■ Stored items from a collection
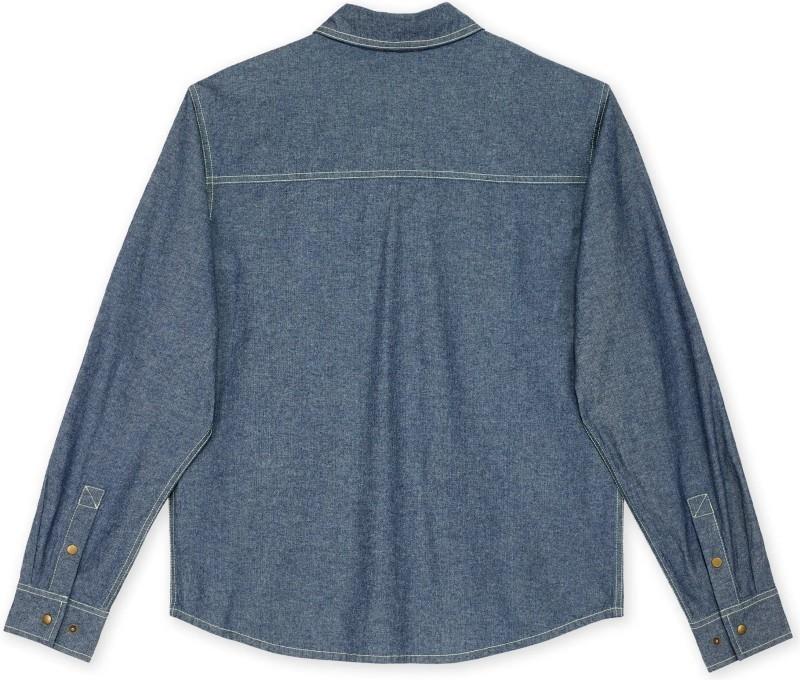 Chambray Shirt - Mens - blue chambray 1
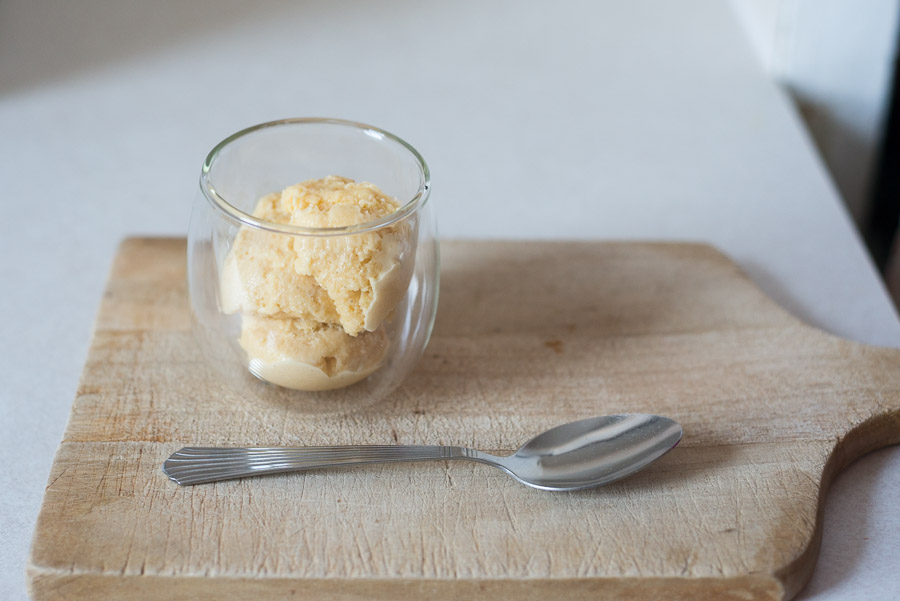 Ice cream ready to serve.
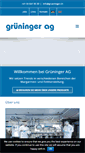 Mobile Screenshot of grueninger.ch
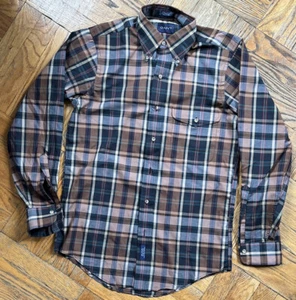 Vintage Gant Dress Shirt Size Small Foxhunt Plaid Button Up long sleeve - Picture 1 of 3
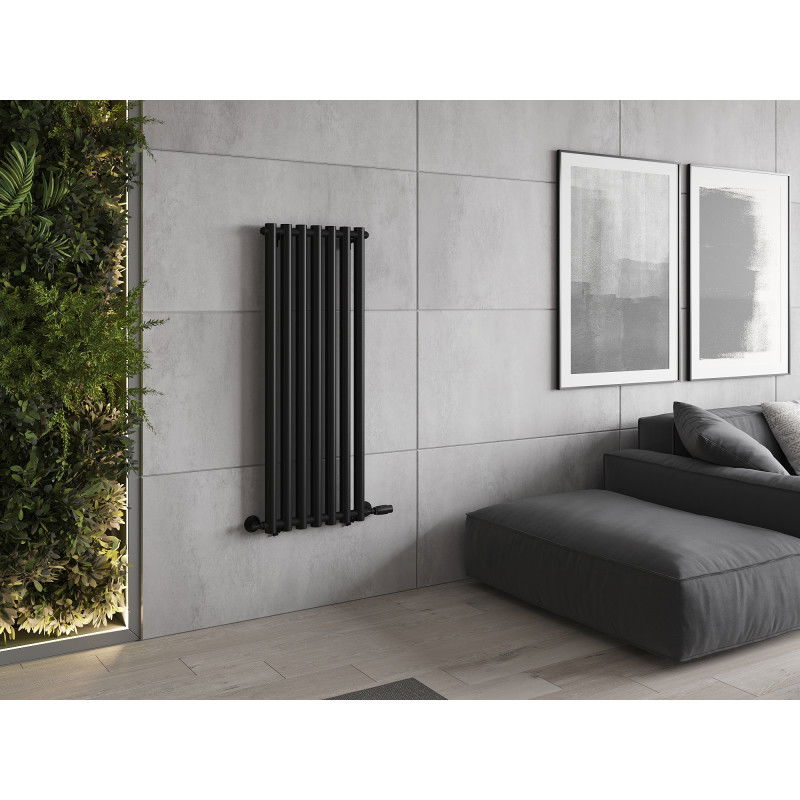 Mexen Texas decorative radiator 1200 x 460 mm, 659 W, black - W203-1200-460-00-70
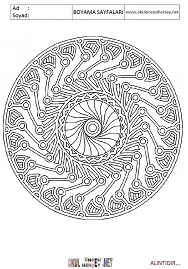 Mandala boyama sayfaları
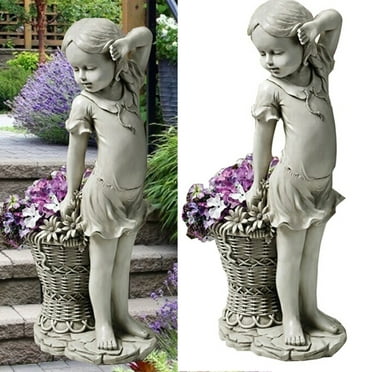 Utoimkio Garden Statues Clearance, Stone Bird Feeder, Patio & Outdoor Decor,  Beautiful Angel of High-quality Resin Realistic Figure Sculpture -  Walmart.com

■ ABOUT THIS EXERCISE
Exactly as written, restate the lines from the one that contains "Mandala boyama sayfaları" through the final line of the data, both ends included, but leave out the pictures.

■ EXERCISE OUTPUT
 Mandala boyama sayfaları
 Utoimkio Garden Statues Clearance, Stone Bird Feeder, Patio & Outdoor Decor,  Beautiful Angel of High-quality Resin Realistic Figure Sculpture -  Walmart.com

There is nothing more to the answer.